In humans, alprazolam is extensively metabolized to alpha hydroxy alprazolam and 4-hydroxy alprazolam, whose plasma concentrations relative to unchanged alprazolam concentration are less than 4% (Smith et al. 1984). The stability of alprazolam is attributed to the presence of the triazole ring in its structure which makes the compound more resistant to hydrolysis. In a recent study on the stability of benzodiazepines in postmortem samples, estazolam whose structure is similar to alprazolam was the most stable in unpreserved blood samples at 4°C (Melo et al. 2012). The coefficient of variation ranged from 1.4% to 6% over 4 weeks of storage. Alprazolam and alpha hydroxy alprazolam were detected in patients II and IV, but only patient IV has been prescribed medications containing alprazolam.

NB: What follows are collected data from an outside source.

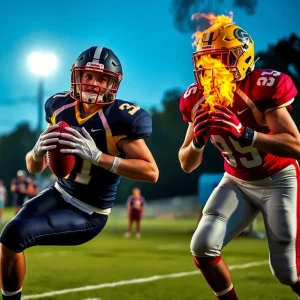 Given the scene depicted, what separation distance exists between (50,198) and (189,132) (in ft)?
2.94

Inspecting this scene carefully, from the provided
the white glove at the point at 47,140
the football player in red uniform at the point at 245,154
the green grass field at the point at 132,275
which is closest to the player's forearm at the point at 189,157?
the football player in red uniform at the point at 245,154

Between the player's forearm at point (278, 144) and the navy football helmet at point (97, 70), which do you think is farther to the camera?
the navy football helmet at point (97, 70)

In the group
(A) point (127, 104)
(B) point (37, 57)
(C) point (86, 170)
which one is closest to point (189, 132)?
(A) point (127, 104)

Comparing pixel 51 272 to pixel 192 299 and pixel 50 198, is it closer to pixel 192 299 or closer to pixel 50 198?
pixel 192 299

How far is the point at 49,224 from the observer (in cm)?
351

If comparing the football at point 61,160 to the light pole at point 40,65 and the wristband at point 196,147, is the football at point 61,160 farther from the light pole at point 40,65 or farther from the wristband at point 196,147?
the light pole at point 40,65

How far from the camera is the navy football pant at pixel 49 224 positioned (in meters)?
3.38

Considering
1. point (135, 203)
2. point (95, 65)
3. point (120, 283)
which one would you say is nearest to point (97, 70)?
point (95, 65)

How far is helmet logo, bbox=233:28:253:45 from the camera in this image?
3.69 meters

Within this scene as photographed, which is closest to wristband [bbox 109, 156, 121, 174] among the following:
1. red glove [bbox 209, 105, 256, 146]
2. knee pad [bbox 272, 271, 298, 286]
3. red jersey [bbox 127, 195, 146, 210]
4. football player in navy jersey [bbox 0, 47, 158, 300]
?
football player in navy jersey [bbox 0, 47, 158, 300]

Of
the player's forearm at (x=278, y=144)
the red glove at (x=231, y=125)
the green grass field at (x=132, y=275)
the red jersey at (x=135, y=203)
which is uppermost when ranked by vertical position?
the red glove at (x=231, y=125)

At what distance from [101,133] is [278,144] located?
3.23 feet

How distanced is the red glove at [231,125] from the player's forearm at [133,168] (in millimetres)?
453

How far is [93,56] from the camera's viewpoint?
3.79m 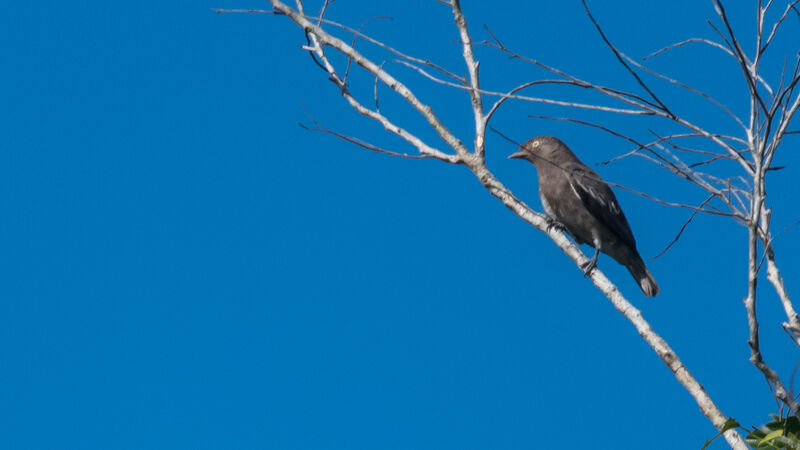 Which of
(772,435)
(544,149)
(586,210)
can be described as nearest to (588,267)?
(772,435)

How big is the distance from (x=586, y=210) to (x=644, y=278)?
1319 mm

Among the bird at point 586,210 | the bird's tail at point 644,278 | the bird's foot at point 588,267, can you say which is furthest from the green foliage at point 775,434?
the bird's tail at point 644,278

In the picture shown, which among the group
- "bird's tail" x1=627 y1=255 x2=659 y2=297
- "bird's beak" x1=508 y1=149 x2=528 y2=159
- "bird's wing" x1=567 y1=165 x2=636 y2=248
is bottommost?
"bird's tail" x1=627 y1=255 x2=659 y2=297

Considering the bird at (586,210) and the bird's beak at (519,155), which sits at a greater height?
the bird's beak at (519,155)

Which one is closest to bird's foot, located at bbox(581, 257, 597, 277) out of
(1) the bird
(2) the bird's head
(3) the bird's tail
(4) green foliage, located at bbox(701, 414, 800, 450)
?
(4) green foliage, located at bbox(701, 414, 800, 450)

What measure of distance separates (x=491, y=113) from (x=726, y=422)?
2.61 meters

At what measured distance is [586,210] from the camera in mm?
8961

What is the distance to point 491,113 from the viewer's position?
593cm

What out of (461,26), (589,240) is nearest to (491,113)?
(461,26)

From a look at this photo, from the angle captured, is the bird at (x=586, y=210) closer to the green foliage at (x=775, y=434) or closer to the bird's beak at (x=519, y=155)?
the bird's beak at (x=519, y=155)

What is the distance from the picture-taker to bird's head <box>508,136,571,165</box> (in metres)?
9.63

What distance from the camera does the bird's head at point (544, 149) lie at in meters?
9.63

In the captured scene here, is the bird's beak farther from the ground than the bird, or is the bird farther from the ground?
the bird's beak

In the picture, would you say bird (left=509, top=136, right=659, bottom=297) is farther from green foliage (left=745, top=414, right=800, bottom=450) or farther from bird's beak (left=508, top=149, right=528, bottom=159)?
green foliage (left=745, top=414, right=800, bottom=450) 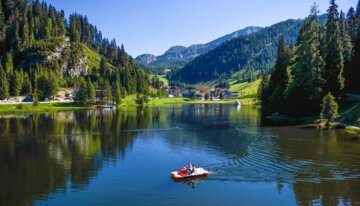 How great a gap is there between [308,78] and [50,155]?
83.9 metres

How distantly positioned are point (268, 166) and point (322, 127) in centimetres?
5004

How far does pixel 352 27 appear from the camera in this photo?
154250mm

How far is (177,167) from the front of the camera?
203 feet

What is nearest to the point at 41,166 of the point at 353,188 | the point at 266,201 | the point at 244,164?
the point at 244,164

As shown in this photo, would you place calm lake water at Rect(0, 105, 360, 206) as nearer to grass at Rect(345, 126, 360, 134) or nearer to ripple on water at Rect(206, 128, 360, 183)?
ripple on water at Rect(206, 128, 360, 183)

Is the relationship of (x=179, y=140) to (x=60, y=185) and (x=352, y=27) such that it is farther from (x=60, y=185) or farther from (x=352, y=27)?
(x=352, y=27)

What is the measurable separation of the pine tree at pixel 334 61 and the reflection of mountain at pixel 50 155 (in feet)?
216

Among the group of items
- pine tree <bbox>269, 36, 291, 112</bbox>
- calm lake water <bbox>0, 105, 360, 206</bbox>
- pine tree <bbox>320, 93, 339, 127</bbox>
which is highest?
pine tree <bbox>269, 36, 291, 112</bbox>

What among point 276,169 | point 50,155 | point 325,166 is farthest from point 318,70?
point 50,155

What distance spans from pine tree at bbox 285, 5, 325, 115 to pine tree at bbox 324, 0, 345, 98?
2.62 m

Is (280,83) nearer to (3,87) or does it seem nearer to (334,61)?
(334,61)

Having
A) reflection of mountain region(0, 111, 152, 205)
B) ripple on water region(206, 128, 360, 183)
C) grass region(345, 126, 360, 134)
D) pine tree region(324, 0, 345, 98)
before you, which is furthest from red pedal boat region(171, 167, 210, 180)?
pine tree region(324, 0, 345, 98)

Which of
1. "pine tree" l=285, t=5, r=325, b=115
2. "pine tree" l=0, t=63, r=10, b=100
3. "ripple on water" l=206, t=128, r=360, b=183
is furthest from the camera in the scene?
"pine tree" l=0, t=63, r=10, b=100

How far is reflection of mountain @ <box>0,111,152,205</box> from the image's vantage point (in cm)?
4969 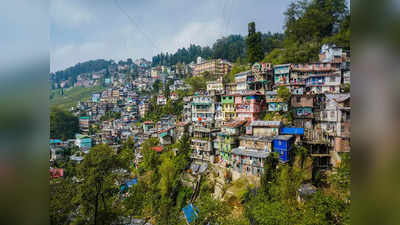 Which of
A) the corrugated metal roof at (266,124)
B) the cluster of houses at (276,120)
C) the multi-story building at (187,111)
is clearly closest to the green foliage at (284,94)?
the cluster of houses at (276,120)

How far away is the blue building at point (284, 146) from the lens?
28.1 ft

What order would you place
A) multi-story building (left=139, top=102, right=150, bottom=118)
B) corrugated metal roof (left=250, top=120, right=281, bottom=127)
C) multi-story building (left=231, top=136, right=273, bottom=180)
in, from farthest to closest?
multi-story building (left=139, top=102, right=150, bottom=118) < corrugated metal roof (left=250, top=120, right=281, bottom=127) < multi-story building (left=231, top=136, right=273, bottom=180)

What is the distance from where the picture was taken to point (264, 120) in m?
10.5

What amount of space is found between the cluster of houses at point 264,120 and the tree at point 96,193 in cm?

The main active metabolite of diazepam is nordiazepam and the minor active metabolites are oxazepam and temazepam (Riss et al. 2008). The half-life of diazepam is about 1 to 3 days and 2 to 7 days for nordiazepam. The elimination half-life of diazepam and nordiazepam increases considerably in the elderly, which may result in the prolonged action and accumulation of the drug during repeated administration (Vozeh 1981). Nordiazepam, oxazepam, and temazepam were detected in patients I and III, but only patient III was under prescription of medications containing diazepam, the parent compound. Nordiazepam and oxazepam were the most stable compared to temazepam. Atanasov et al. recently investigated the stability of diazepam in blood samples at different storage conditions (Atanasov et al. 2012). The authors showed that the concentration of diazepam decreased by 30% after storage for 4 weeks at 4°C. However, diazepam and chlordiazepoxide are benzodiazepines with long-acting active metabolites like nordiazepam. We could also observe an increase in the concentration of nordiazepam (patients I and III) after 2 weeks of storage at 4°C, thus suggesting diazepam degradation into nordiazepam (Figure 3). The data obtained from this study suggested that opioid and benzodiazepine degradation with consequent metabolites may occur by chemical breakdown during storage. In postmortem samples, it has been suggested that decomposition may occur due to microorganisms’ activity (Melo et al. 2012; Levine et al. 1983).

Conclusions

This work implies that some patients do not take their medications according to their physician’s prescription or take illicit drugs in addition to their prescriptions. When interpreting toxicological results related to possible opioid or benzodiazepine exposure, it is important to consider that the presence of their metabolites in urine samples can be due to patient biotransformation of the drug (in vivo), but also due to their decomposition during storage (in vitro). Opioid and benzodiazepine concentrations in urine samples can change due to degradation during sample storage. This study revealed that opioid and benzodiazepine degradation increased with storage time. The change in concentration of metabolites after sample storage suggests that the biotransformation of parent drugs to metabolites still occurs during storage at positive temperatures. Quantitative results from long-term-stored urine samples with opioids or benzodiazepines should be interpreted cautiously. Ongoing monitoring of these patients will help the laboratory and clinician draw conclusions on patient adherence to their prescription regimen. In efforts to enable accurate interpretation of the toxicological results, it is important to know the stability of the drugs at several storage conditions and in different matrices. This study demonstrates the need for more detailed studies of in vitro changes of analytes in biological samples and in urine samples particularly. By considering other work related to this topic, and by conducting more research aimed at particular storage conditions, degradation models may be applied.

Findings

The purpose of this study was to investigate the stability of opioid and benzodiazepine drugs and metabolites in stored urine specimens. This is an area of interest for clinical and forensic toxicology applications. The data was collected under validated methodologies with quality control samples run with each batch. The results demonstrated that sample collection and storage conditions are important considerations in the context of drug testing.